The killings have largely stopped and, as alluded to above, had stopped before the agreement was signed. But the violence, rioting and destruction did not stop as I found out several years after the signing of the agreement on a visit to Northern Ireland. The difference the Good Friday Agreement made was that the compliant mainstream media agreed to stop reporting it. Republican killings have never entirely gone away and, it appears, there is a recent upsurge in Irish republican violence which may be related to the odious Windsor Framework post-Brexit trade arrangement between Great Britain and Northern Ireland.

Many in Britain and Northern Ireland don’t like it because it partly treats the province as if it were still part of Europe and gives the EU some say over what happens there. The IRA (‘Real’, ‘Continuity’, ‘I can’t believe it’s not the IRA’ or whatever) are keen to remind us they are still there. They were ready to crank things up to eleven if any semblance of a regulated border between the north and the south was reintroduced.

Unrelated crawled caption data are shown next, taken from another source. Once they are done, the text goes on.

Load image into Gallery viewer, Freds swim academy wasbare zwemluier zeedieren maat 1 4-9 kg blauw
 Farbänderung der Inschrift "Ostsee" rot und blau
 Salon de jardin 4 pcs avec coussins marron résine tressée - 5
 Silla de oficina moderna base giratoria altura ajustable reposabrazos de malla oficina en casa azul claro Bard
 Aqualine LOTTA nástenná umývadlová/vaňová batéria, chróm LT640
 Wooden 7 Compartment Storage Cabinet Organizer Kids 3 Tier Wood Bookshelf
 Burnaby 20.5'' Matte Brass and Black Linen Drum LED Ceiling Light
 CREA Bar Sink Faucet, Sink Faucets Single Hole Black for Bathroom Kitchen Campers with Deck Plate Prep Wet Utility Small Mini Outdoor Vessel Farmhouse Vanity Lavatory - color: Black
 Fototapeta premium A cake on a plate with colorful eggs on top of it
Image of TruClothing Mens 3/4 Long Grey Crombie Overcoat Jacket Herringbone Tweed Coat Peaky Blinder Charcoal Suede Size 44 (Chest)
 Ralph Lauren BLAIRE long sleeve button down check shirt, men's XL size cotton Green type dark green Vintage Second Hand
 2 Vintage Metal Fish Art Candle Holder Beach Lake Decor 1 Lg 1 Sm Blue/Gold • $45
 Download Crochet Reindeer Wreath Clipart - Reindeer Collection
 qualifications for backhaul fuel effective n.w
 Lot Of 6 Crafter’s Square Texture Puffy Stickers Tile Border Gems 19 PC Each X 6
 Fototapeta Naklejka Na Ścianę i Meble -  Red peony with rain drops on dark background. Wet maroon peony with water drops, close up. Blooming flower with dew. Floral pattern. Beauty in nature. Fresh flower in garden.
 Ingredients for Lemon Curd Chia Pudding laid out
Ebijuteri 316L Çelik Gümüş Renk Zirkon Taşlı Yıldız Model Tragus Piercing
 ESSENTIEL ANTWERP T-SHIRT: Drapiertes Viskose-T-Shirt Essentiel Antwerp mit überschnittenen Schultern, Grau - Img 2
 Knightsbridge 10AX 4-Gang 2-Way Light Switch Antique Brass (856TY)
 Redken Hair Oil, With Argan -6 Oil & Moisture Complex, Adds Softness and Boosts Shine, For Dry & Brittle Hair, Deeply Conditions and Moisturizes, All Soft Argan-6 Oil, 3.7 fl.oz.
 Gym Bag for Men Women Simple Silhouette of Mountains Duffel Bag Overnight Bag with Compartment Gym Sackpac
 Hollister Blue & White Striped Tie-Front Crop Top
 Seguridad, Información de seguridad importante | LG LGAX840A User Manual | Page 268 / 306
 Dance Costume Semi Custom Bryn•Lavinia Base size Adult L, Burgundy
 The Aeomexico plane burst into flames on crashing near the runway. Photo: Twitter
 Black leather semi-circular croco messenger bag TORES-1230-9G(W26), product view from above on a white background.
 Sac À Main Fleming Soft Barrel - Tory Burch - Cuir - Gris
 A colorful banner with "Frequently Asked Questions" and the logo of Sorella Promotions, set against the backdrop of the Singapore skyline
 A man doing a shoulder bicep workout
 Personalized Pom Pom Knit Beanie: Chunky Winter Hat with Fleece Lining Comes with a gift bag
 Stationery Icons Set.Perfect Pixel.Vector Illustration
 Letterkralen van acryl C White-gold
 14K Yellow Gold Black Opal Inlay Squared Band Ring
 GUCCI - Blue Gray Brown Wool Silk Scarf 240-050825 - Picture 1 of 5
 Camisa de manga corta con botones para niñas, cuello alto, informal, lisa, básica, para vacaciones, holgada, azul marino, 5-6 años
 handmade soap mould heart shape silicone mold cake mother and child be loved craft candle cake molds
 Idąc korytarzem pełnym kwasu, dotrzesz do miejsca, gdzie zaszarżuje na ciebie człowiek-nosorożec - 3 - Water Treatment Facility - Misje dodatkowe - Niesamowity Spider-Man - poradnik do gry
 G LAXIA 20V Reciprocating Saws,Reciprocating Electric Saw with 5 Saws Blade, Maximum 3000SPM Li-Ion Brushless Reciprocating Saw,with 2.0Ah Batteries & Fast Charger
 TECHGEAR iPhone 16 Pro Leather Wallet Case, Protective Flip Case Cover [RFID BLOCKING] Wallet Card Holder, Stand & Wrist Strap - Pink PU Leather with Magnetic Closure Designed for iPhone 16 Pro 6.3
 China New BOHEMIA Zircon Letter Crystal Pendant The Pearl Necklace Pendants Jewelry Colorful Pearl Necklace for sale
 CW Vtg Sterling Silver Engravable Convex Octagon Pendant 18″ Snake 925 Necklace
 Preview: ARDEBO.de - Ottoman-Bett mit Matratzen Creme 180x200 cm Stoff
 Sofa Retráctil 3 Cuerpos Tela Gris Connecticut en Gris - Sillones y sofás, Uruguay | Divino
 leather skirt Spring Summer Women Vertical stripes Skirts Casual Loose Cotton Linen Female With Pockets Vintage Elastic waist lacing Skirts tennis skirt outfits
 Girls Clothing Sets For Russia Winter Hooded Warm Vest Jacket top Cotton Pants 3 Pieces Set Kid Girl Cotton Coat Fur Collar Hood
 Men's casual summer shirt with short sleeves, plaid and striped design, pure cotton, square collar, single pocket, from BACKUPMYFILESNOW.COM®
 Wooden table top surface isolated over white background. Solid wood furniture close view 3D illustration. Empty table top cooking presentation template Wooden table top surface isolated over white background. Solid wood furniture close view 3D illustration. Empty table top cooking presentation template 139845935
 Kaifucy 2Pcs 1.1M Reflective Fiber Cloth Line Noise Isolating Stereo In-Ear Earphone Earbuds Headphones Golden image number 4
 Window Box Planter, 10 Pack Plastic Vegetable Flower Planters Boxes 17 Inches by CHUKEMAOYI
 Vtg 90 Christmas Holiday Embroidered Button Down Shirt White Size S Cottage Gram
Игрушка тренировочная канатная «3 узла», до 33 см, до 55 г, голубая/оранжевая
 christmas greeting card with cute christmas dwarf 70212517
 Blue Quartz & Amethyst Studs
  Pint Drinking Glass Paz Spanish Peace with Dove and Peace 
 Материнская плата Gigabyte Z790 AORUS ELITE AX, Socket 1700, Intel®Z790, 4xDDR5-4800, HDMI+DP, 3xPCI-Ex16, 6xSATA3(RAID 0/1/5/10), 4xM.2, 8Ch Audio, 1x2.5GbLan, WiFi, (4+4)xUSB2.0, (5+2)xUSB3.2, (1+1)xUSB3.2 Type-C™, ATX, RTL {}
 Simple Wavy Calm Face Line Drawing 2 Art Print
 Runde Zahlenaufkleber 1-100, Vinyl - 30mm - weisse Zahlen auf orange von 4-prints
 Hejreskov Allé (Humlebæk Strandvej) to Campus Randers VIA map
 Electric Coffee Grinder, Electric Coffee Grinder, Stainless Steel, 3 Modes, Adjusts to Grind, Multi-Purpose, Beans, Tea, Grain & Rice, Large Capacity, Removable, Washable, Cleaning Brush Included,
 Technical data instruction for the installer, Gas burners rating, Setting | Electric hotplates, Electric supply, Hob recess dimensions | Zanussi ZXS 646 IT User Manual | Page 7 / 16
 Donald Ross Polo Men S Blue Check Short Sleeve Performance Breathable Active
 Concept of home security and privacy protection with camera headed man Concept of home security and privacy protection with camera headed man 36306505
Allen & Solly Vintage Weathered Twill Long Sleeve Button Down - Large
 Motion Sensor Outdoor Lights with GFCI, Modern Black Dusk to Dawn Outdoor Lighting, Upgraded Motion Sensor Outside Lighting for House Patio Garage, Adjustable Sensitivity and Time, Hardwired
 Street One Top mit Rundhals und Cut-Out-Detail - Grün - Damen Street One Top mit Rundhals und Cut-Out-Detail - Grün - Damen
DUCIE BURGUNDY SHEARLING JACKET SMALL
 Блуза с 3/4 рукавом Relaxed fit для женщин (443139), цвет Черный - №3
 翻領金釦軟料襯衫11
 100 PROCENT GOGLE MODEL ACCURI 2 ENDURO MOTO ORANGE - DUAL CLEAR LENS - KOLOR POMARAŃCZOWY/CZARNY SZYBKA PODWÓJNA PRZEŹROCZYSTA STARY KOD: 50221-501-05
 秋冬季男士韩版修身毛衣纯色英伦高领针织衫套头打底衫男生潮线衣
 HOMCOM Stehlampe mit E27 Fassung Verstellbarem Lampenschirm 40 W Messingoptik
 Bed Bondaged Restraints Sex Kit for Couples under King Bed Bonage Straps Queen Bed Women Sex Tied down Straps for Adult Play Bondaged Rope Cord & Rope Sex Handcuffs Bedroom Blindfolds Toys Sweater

But back to Sleepy Joe Biden. Not content with nodding his approval at the purported progress that had been made, he described the Windsor Framework as ‘essential’ and even offered to bribe the people of Northern Ireland with $6 billion of investment if they promised to behave themselves. That would be on top of the $200 thousand annually that NORAID used to invest in Northern Ireland, largely with impunity, which went to the murdering terrorists in the IRA. Imagine if a British Prime Minister went to the US and urged them to allow Canada to have some say over what happened within their borders far less have a load of basket case countries have any influence on that.

Old Joe, however, is always good for a laugh, ‘a right one for the craic’. I have no idea if he understands the subtleties of the situation in Northern Ireland or the relationship between Sinn Fein and the IRA. Who knows, he may not even have known where he was. But anyone who thinks the Black and Tans were the armed wing of the All Blacks should refrain from advising us on how to conduct our affairs with Ireland.

 

Roger Watson is a retired academic, editor and writer. He is a columnist with Unity News Network and writes regularly for a range of conservative journals including The Salisbury Review and The European Conservative. He has travelled and worked extensively in the Far East and the Middle East. He lives in Kingston upon Hull, UK.